La primera visita del presidente ruso, Vladimir Putin, a una de las disputadas islas Kuriles, situadas frente al extremo norte de Japón, provocó la semana pasada una rápida y airada reacción de Tokio.
La primera ministra japonesa, Sanae Takaichi, afirmó en una publicación en redes sociales que la visita de Putin era "absolutamente inaceptable" y se refirió a las islas, que Japón denomina "Territorios del Norte", como "territorio inherentemente japonés".
En respuesta, el Ministerio de Relaciones Exteriores de Rusia afirmó que las islas son una "parte integral" de Rusia.
Las islas Kuriles fueron ocupadas por tropas soviéticas dos semanas después de la rendición oficial de Japón, que puso fin a la Segunda Guerra Mundial el 15 de agosto de 1945. Sus 17.300 habitantes japoneses fueron obligados a abandonar las islas durante el año siguiente.
Putin recorrió una escuela, un hospital e instalaciones industriales en la isla de Iturup, que Japón denomina Etorofu.

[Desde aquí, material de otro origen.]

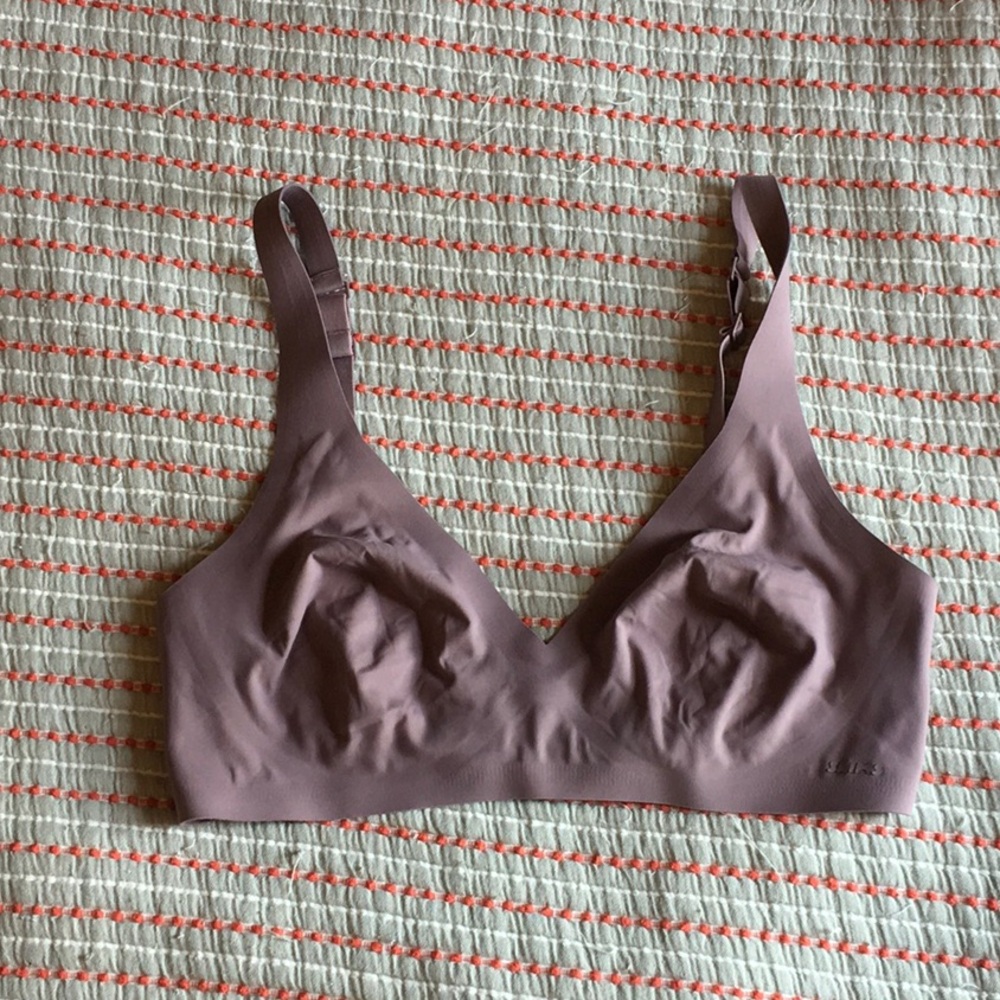 Skims bra, never worn!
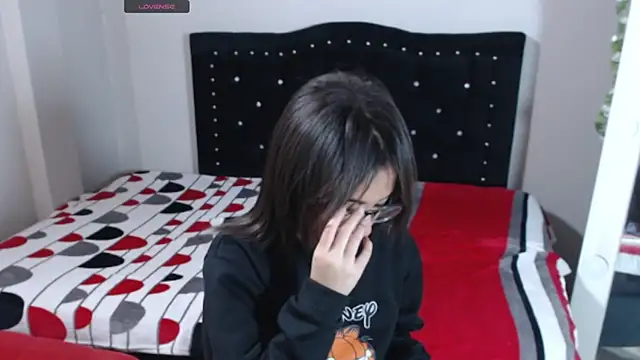 Snapshot of Coraline_Playful chatting on October 15, 2025, 8:20 pm Coraline Playful online show from October 15, 2025, 8:20 pm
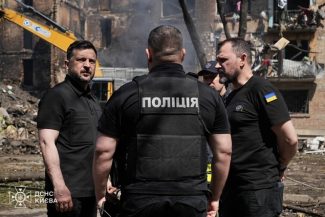 Zelenski a vizitat cartiere avariate la Kiev după atacul rus cu Oreşnik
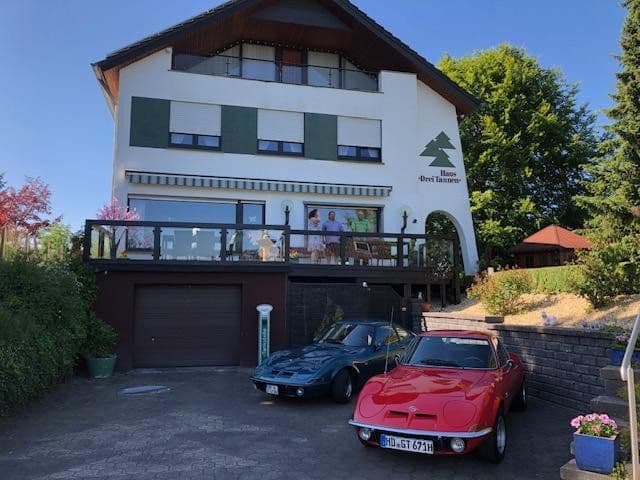 Predaj nebytového priestoru 2.326 m², Schieder-Schwalenberg, Severné Porýnie - Westfálsko Predaj nebytového priestoru 2.326 m², Schieder-Schwalenberg, Severné Porýnie - Westfálsko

La visita tuvo lugar apenas dos días antes del 81.º aniversario de la rendición japonesa al término de la Segunda Guerra Mundial.
"Este fue claramente un mensaje para Japón", afirmó James Brown, profesor de Relaciones Internacionales especializado en asuntos rusos en el campus de Tokio de la Universidad de Temple.
"Rusia está molesta por el apoyo de Japón a Ucrania y por los vínculos más estrechos que Tokio ha venido estableciendo con los miembros europeos de la OTAN", dijo a DW.
"Así que existe un claro deseo de castigar a Japón", señaló. "Pero también hay un componente interno (…), ya que una visita como esta puede generar apoyo patriótico entre rusos de todas las tendencias políticas".
Los sucesivos gobiernos japoneses han sostenido de manera consistente que las islas fueron anexadas ilegalmente. La disputa ha afectado de tal manera las relaciones bilaterales que ambos países aún no han firmado un tratado de paz formal.
El colapso de la Unión Soviética en 1991 y las dificultades económicas posteriores reavivaron en Japón la esperanza de que se pudiera convencer a Moscú de devolver las islas a cambio de asistencia económica o incluso del desarrollo conjunto de la región.
El ex primer ministro japonés Shinzo Abe fue posiblemente el líder japonés que más activamente abordó la cuestión. Se reunió en varias ocasiones con Putin en un intento por convencer al mandatario ruso de aceptar la posición de Japón.
Sin embargo, todos esos esfuerzos diplomáticos resultaron infructuosos. En 2020, Rusia modificó su Constitución para prohibir la cesión de cualquier parte del territorio ruso a una potencia extranjera. Las relaciones de Moscú con Japón se deterioraron aún más tras la invasión rusa a gran escala de Ucrania en febrero de 2022.
Toshimitsu Shigemura, profesor de Ciencias Políticas de la Universidad de Waseda, en Tokio, dijo a DW que estos últimos acontecimientos representan un nuevo golpe para las aspiraciones de Japón respecto de las islas.
"Tokio ya convocó al embajador ruso y presentó una protesta diplomática formal, pero ya existen sanciones por la guerra en Ucrania y creo que a Japón le resultará difícil imponer más", afirmó Shigemura.
"Japón importa energía rusa y, debido a la situación con Irán, eso se ha vuelto aún más importante, lo que deja a Tokio en una posición relativamente débil", agregó.
Shigemura considera que Putin —posiblemente en coordinación con China y Corea del Norte— intenta debilitar a la primera ministra japonesa Takaichi debido a la firme postura que ha adoptado en materia de seguridad regional. Añadió que Putin es consciente de que el respaldo a Takaichi en los sondeos internos está disminuyendo y probablemente calcula que la líder japonesa no responderá con mayor contundencia que mediante una protesta.
Asimismo, Shigemura estima que la reforma de la Constitución rusa y el creciente sentimiento nacionalista, alentado por la propaganda estatal, hacen en la práctica "imposible" que las islas vuelvan a estar bajo control japonés.
"Puede que Putin esté débil ahora, pero está cooperando con China y Corea del Norte para desafiar a Takaichi, que tiene pocas opciones", afirmó. "E incluso después de que Putin se haya ido, un nuevo Gobierno ruso no tendrá interés en devolver las islas".
Brown coincidió y señaló que, aunque algunos "comentaristas exaltados" en Japón verán la eventual salida de Putin del Kremlin como una oportunidad, quienquiera que termine controlando Rusia, difícilmente adoptará una posición acorde con los intereses territoriales de Japón.
"No ocurrió con el colapso de la Unión Soviética ni durante todas las dificultades económicas que Rusia atravesó posteriormente, así que no veo que ningún nuevo líder ruso que llegue al poder contemple la posibilidad de devolver las islas", concluyó.